Contribution of surface and lateral forcing to the Arabian Gulf warming trend

The contribution of surface and lateral forcing to the observed Arabian Gulf warming trend is studied based on the results of a high-resolution (1/100°, 60 vertical layers) MIT general circulation model (MITgcm) covering the period 1993–2021. The model validation against available observations reveals that the simulation satisfactorily reproduces the main features of the Arabian Gulf’s dynamics and their variability. We show that the heat content of the Arabian Gulf generally follows the reported variability of sea surface temperature, with significant increasing trends of 0.1 × 107 J m−3 and 0.2°C per decade.
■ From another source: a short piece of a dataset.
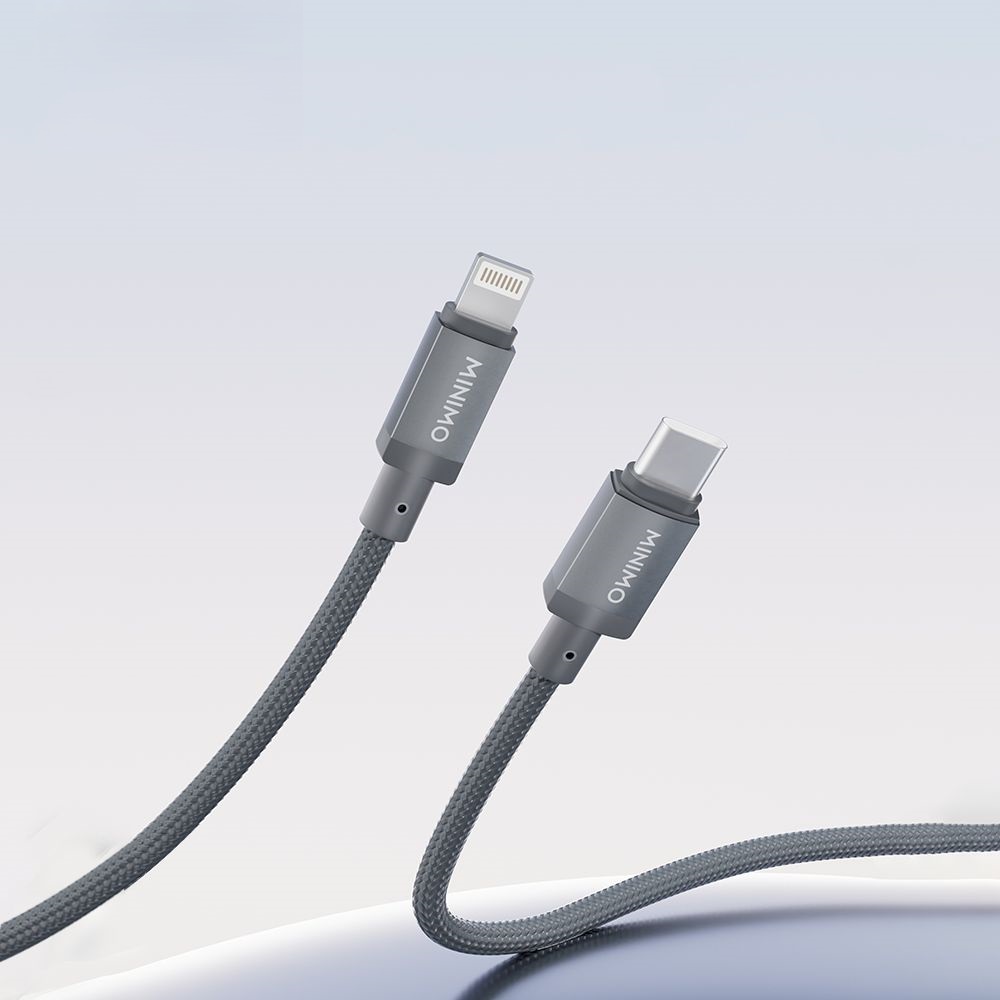 Minimo type c to lightning topes 02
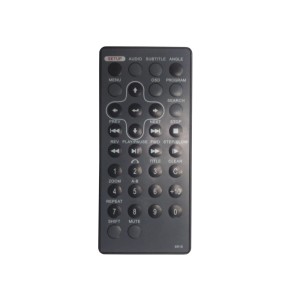 Controle Remoto Tectoy Dvd Portatil Dvt-t6000 Original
The interannual variability of the heat content is dominated by the surface heat fluxes, while the long-term warming of the basin is primarily driven by lateral fluxes. The analyses of the heat exchanges through the Strait of Hormuz indicate a pronounced upward trend in the transported heat toward the Arabian Gulf, which is associated with an increase in both the volume and temperature of the exchanged waters. Considering the inflow and outflow in the Strait separately, the temperature increase is more prominent in the inflowing waters; however, the dominant factor driving the rising trend in heat content exchanges is the increase in the volume of waters being exchanged. This implies that the observed warming of the Arabian Gulf during the investigated period is directly related to the acceleration of its overturning circulation.